Brasil

A futura herança maldita

César Benjamin na Folha
A ECONOMIA brasileira não fez outra coisa, nas últimas décadas, a não ser adaptar-se aos ciclos do capital financeiro internacional. Na década de 1970, absorvemos, sob a forma de dívida, uma fração do excesso de liquidez provocado pelo acúmulo dos petrodólares.
Na década de 1980, com o governo dos Estados Unidos enxugando essa liquidez, fomos convocados a remeter ao exterior um múltiplo do que havíamos recebido; iniciamos um longo período de crise. Na década de 1990, quando o sistema financeiro retornou a uma posição emprestadora, fomos chamados a renegociar a "dívida velha", para voltar a receber recursos novamente disponíveis. Graças a eles, durante vários anos, sustentamos déficits em transações correntes, o verdadeiro lastro do Plano Real. Uma nova crise cambial, alguns anos depois, mostrou como tudo era frágil.

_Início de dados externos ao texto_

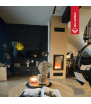 Chimenea de leña de acero KRATKI NADIA 9 kW Ø 200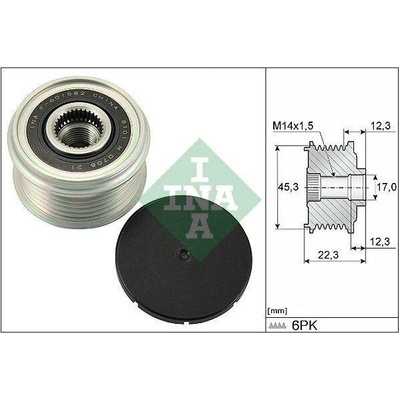 Předstihová spojka Schaeffler INA 535 0291 10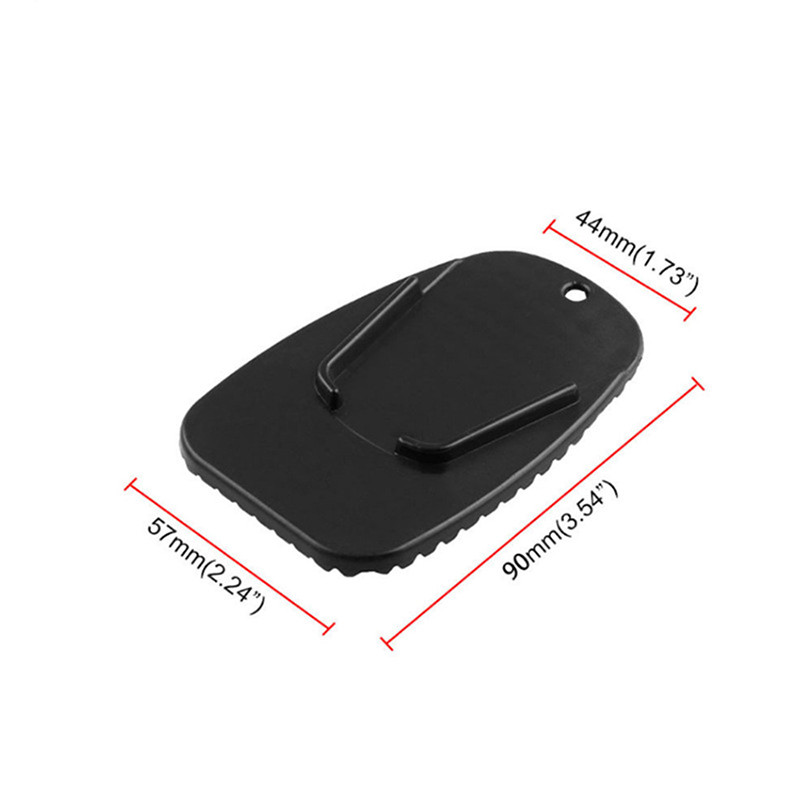 Motociklo stovo pagalvėlės atrama Plastikinė motociklo pėdos atramos plokštė, neslystanti plokštės stovėjimo trinkelė, raudona, mėlyna, juoda, oranžinė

O problema estrutural da economia brasileira é sua condição de "economia reflexa", que apenas se adapta a ciclos externos e, por isso, não constitui um projeto próprio de desenvolvimento. A expressão não é minha, mas de Eugênio Gudin, cunhada na década de 1950. Aprofundamos essa condição ao nos inserir no processo de globalização, principalmente, pelos fluxos financeiros, ao contrário das economias asiáticas, que privilegiaram a inserção pela produção e o comércio. Elas sempre selecionaram os investimentos que consideram desejáveis, aqueles que fortalecem as economias locais, e recusaram os indesejáveis, o endividamento irracional e predador, que prepara desequilíbrios e crises.
Nós nos atrelamos a capitais que mantêm conosco vínculos tênues, ligados a oportunidades de realizar bons negócios no curto prazo. Como o espaço de manobra desses capitais ultrapassa amplamente o espaço da sociedade nacional, perdemos a capacidade de controlar o nosso processo de desenvolvimento. A abertura financeira, iniciada por Collor e concluída por Lula, entregou a eles o nosso destino.

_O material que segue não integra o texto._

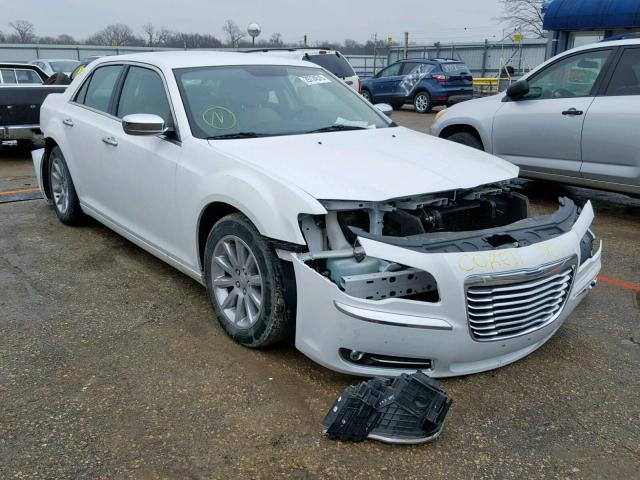 2C3CCACG3CH249609 - 2012 CHRYSLER 300 LIMITE WHITE photo 1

A primeira conseqüência é a fraca capacidade de nossa sociedade de disciplinar o impulso de acumulação de capital, compatibilizando-o com o equacionamento da questão social e o fortalecimento da soberania nacional, em bases economicamente sustentáveis. A segunda conseqüência é o aprofundamento da tendência a realizar ajustes passivos aos ciclos internacionais. A conjuntura favorável dos últimos anos -um gigantesco "choque externo positivo"- tem servido para legitimar essa opção.